John talks about their obfuscation PT, marionette, that makes the
transport look like traditional HTTP and HTML. We discuss how the system
is impacted by different kinds of overhead of transport size.
John mentions that the documentation of integrating PT's on the Tor
website could be better. John is interested in figuring out how to turn
his obfuscation tool into an actual PT -- currently it is a binary that
exposes a socks proxy port. Alex explains how that is good start and
there is a "small" handshake that has to be done before Tor will start
using the exposed socks port.
OONI have a need for PT's to be available on mobile to test and measure
which types of PT are available and working in different countries.
Adelita mentions that they are probing their PT servers, in different
countries, but they have a problem figuring out if the servers are
actually in the countries where they are claimed to be.
Hans from the Guardian project explains the Android integration problems
and the group discusses the problem with running multiple processes on
different platforms. This is currently a big problem on iOS and we
suspect it might become more and more of a problem in the future on
Android.
Operator Foundation is working on the PT spec and implementing PT's in
Apple's swift programming language for easier integration with iOS.
Alex goes over some of the known issues with Tor: PT's are unable to
signal *why* they are failing if they are failing and discusses which
problems that exposes.
We discuss whether it is possible to load a PT as shared library instead
of a binary. We discuss the loading of Go PT's and whether it is
possible with shared libraries.
We talk about Shapeshifter integration in Tor Browser and who should be
contacted for that. Nick suggests talking to Georg Koppen from the
browser team (GeKo).
Alex suggested using dynamic loading of .so files and executing a
specific main function for each individual PT function.

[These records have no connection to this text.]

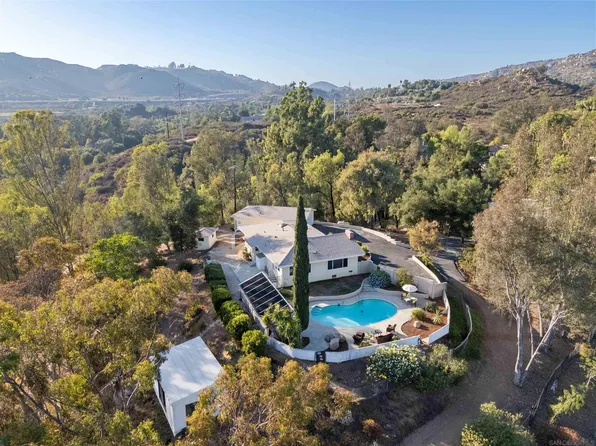 25311 Jesmond Dene Rd, Escondido, CA 92026
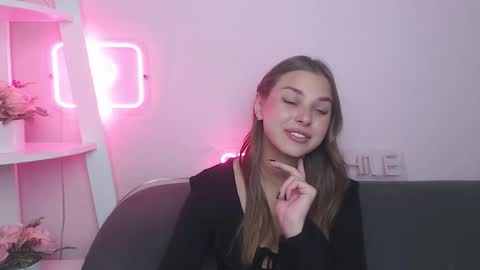 Snapshot of milanaangelas chatting on September 15, 12:50 pm milanaangelas online show from September 15, 12:50 pm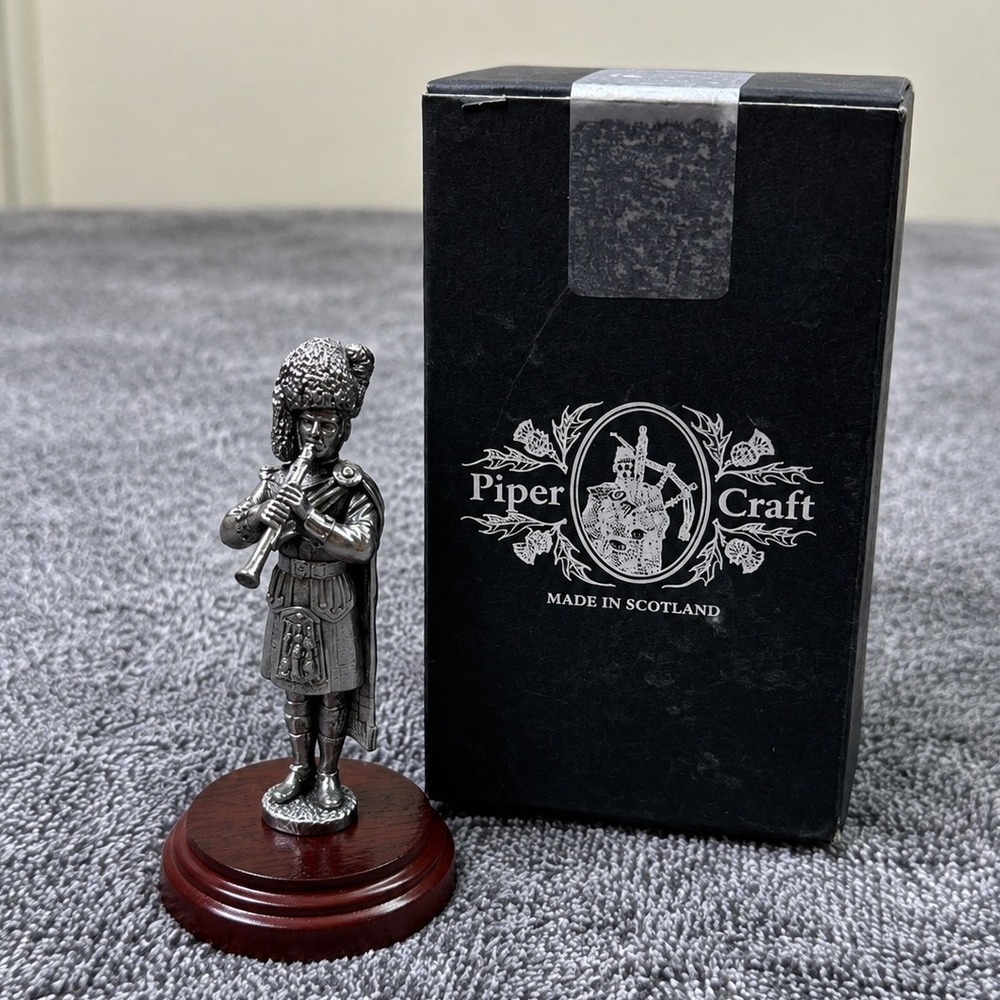 Piper Craft Scotland Pewter Bagpiper Figurine on Wood Base with Box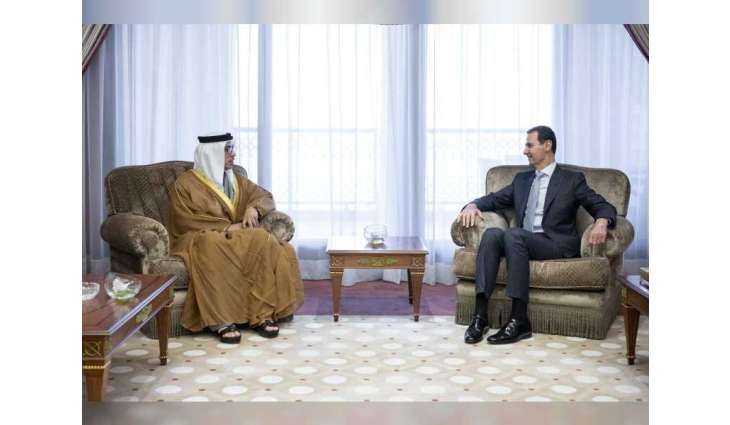 منصور بن زايد يلتقي الرئيس السوري على هامش القمة العربية في جدة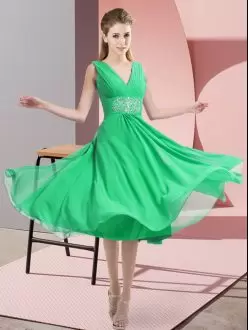 Charming Turquoise Empire V-neck Sleeveless Chiffon Knee Length Side Zipper Beading Dama Dress for Quinceanera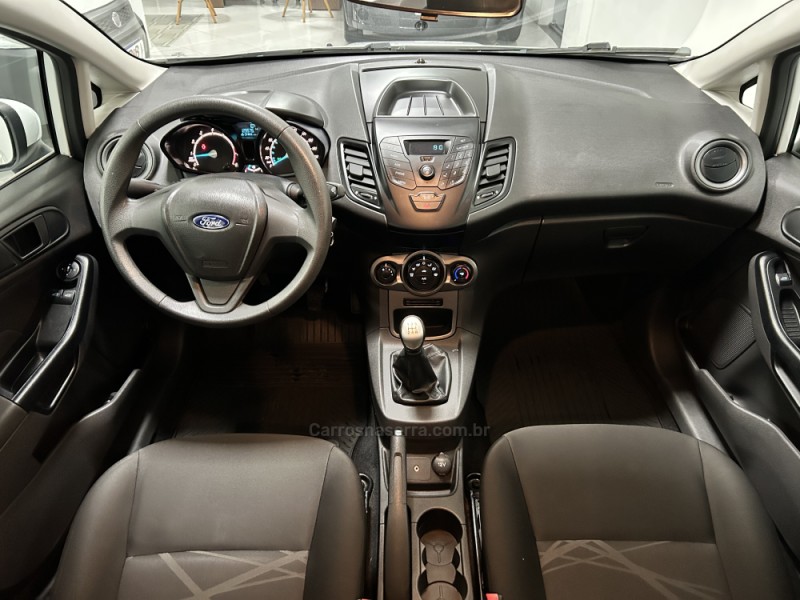 FIESTA 1.5 SE HATCH 16V FLEX 4P MANUAL - 2015 - NOVA PRATA
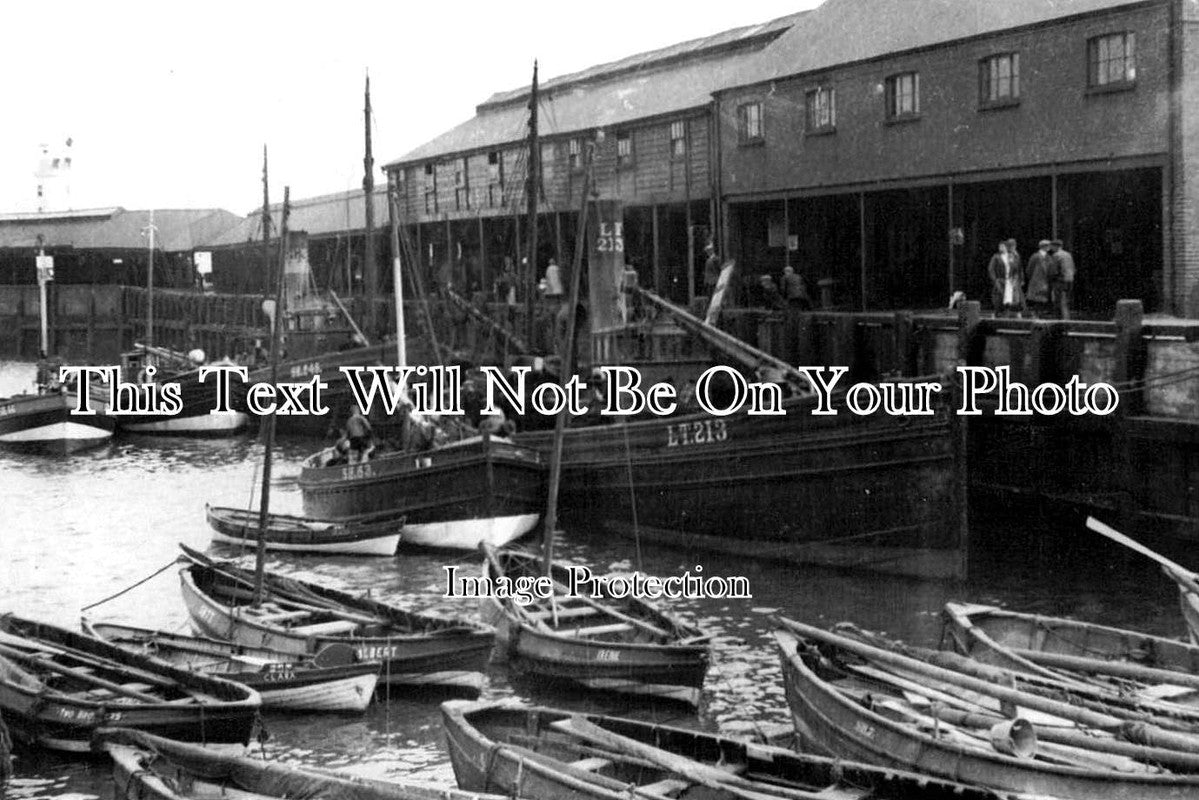 YO 3577 - Steam Trawler, Scarborough Harbour, Yorkshire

We talk about how far the PT spec is and how far it is from being a
stable release. The PT mailing list is available at:
https://groups.google.com/forum/?hl=en#!forum/traffic-obf
Nick mentions that it's good that people are doing PT development in
non-C languages because the memory safety is good to have and makes it
easier to audit the code which is often required before other people are
willing to integrate the code. Nick mentions that there is a price with
using those languages in that it's harder to integrate for different
platforms such a mobile.
Hans mentions that Go binaries are statically linked, which means we
have a big runtime included for every PT that people run. Nick mentions
that the Tor PT architecture can handle multiple transport in a single
process, which will mean that the different PT implementations will have
to be in the same Go binary.
Nick explains the rationale behind the out-of-process design with PT's
and that it's probably a positive thing in the PT ecosystem that PT's
can be written in any language.
Nick mentions that the network team is going to look into making it
possible for PT's to report back to the Tor process with status
information in the nearer future (bidirectional communication between
Tor and the PT).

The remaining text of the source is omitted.